A couple years ago, before we moved into our current house, I was walking with an ex-neighbor through our neighborhood- she had a little boy who was about a year older than Big Sister, who was at the time about a year old. This neighbor- someone who I absolutely valued the opinion of and looked up to as a more experienced mom- made a comment about how what she really needed in life was some time away from her son. I’ve always remembered that comment and I mull it over often.
At the time, I remember thinking that it made a bunch of sense, but that I really didn’t feel that way. I loved spending time with my daughter. She helped me to be braver and more adventurous than I was without her (I never would have made neighbor friends before having kids made it a necessity!). She gave me a sense of purpose- she was a really hard baby, and so every day was a battle that we fought together. I had quit a career I’d been working towards for years just so I could get pregnant with her, and lost a job I enjoyed after she was born, so I felt so invested in her.
But the longer I am a mother, the more I agree with this neighbor- I really need time of my own in order to feel whole.
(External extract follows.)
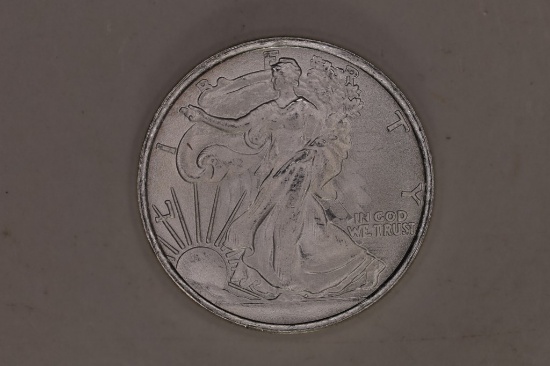 1/10 TROY OZ. .999 FINE SILVER ROUND UNC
I think part of it is having two kids and therefore no naptime to recharge on my own, and the fact that the days are just more jam-packed with two kids. Big Sister is a kid now, learning things on her own and Little Sister has never been as difficult as Big Sister was as a baby, so I don’t have that intense struggle every day. It’s still a struggle, and in many ways it’s a much more difficult struggle, but somehow it’s a more isolating struggle, or a less rewarding struggle. No, I don’t get it either. Little Sister is wonderful and amazing and she laughs and makes the whole room light up, but we don’t have to fight for the good moods for her every moment of every day, like we did with Big Sister. She gives us the giggles and the smiles and the laughs as a gift.
Anyway, whatever the reason- I find that I need dedicated time during the day for myself, in a way that I have never needed it (or that I’ve always been able to get without trying too hard?) before.
I’m extremely fortunate to be able to stay home with my kids and I feel fortunate every single day. I just like to reflect on changing priorities and how I can best take care of my family by taking care of myself. How do you take care of yourself? How do you balance you time versus family time, and have those priorities shifted?